YOUR GOAL
The line bearing "Solutions to Eyelash Infections", together with all lines after it to the end of the material, should be repeated exactly; leave out everything else.
··········
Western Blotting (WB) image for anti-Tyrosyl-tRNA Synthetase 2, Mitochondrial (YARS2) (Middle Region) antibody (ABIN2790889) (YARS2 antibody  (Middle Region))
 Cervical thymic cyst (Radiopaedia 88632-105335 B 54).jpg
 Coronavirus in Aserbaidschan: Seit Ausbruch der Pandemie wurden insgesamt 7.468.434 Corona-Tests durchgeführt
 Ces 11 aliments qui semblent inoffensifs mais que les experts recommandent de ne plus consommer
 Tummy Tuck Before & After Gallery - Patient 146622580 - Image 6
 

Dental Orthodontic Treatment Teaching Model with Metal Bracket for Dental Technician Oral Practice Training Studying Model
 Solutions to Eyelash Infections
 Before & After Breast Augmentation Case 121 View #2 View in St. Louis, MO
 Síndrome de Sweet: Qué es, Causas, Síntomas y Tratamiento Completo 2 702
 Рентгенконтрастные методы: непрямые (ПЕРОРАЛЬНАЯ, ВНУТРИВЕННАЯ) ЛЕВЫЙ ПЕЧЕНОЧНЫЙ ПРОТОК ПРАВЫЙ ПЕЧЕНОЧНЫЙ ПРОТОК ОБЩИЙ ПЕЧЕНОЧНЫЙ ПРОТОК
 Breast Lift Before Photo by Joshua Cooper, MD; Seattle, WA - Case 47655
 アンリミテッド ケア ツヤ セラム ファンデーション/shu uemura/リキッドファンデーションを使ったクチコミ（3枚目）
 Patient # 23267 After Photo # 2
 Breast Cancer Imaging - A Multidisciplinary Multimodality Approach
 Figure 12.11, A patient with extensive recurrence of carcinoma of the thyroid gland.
··········
RESULT
 Solutions to Eyelash Infections
 Before & After Breast Augmentation Case 121 View #2 View in St. Louis, MO
 Síndrome de Sweet: Qué es, Causas, Síntomas y Tratamiento Completo 2 702
 Рентгенконтрастные методы: непрямые (ПЕРОРАЛЬНАЯ, ВНУТРИВЕННАЯ) ЛЕВЫЙ ПЕЧЕНОЧНЫЙ ПРОТОК ПРАВЫЙ ПЕЧЕНОЧНЫЙ ПРОТОК ОБЩИЙ ПЕЧЕНОЧНЫЙ ПРОТОК
 Breast Lift Before Photo by Joshua Cooper, MD; Seattle, WA - Case 47655
 アンリミテッド ケア ツヤ セラム ファンデーション/shu uemura/リキッドファンデーションを使ったクチコミ（3枚目）
 Patient # 23267 After Photo # 2
 Breast Cancer Imaging - A Multidisciplinary Multimodality Approach
 Figure 12.11, A patient with extensive recurrence of carcinoma of the thyroid gland.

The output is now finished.